The Carrs were arrested and went to trial. “H.G.” took
the stand, explaining that she constantly awakes in “cold sweats” from her
“nightmares,” that “every morning” she must “carefully blow-dry” her hair to
“cover up the spot that,” as result of being shot, “can no longer grow hair,”
and that she has “the scars” on her knees from the rapes to which these “two
soulless monsters” subjected her.
“H.G.” also testified that she has a sexually-transmitted
disease courtesy of one of her rapists.
That a jury of their peers convicted the Carrs of capital
murder and sentenced them to death suggests that they agreed with “H.G.” that
her attackers are “soulless monsters.” Yet on Friday, July 25, by a 6-1
decision, the Kansas Supreme Court, citing procedural problems, maintained the
convictions while overturning the Carrs’ death sentences.
According to The Topeka Capital-Journal, Republican
members of the GOP-controlled Legislature have complained about the “‘activist’

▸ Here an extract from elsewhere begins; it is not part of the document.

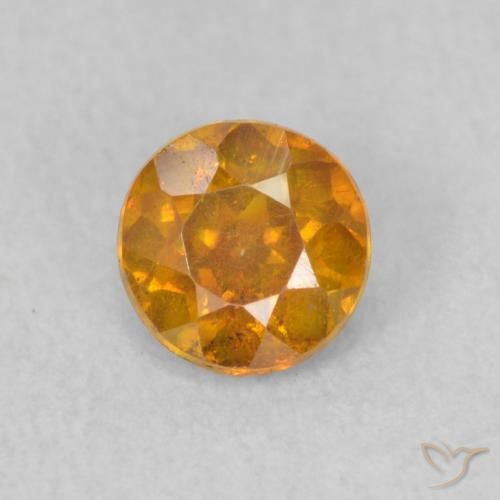 0.52ct Natürlicher Aprikose Orange Sphalerit, Runden, SI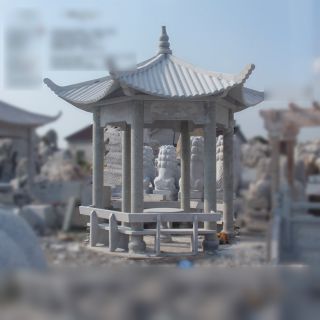六角、八角、圓形等各式石頭涼亭一覽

streak” of the justices while noting that Kansas hasn’t had an execution since
1965. But while an anti-death penalty sentiment may account for this outrage,
that racial considerations may be in play is also a possibility not to be
overlooked.
The brothers Carr, you see, are black. All of their
victims are white.
Can there be any doubt that had the racial roles here
been reversed that everything from the coverage of this case—which, nationally
speaking, has been virtually zilch—to this latest travesty of justice would be
different?
In any event, Reginald and Jonathan Carr are as guilty as
sin itself of raw savagery. There can be no conceivable justification for
permitting their natural existence another moment.
And there can be no conceivable justification for
nominating judges who allow their racial preoccupations and other political
predilections to prevail over their duty to rule justly.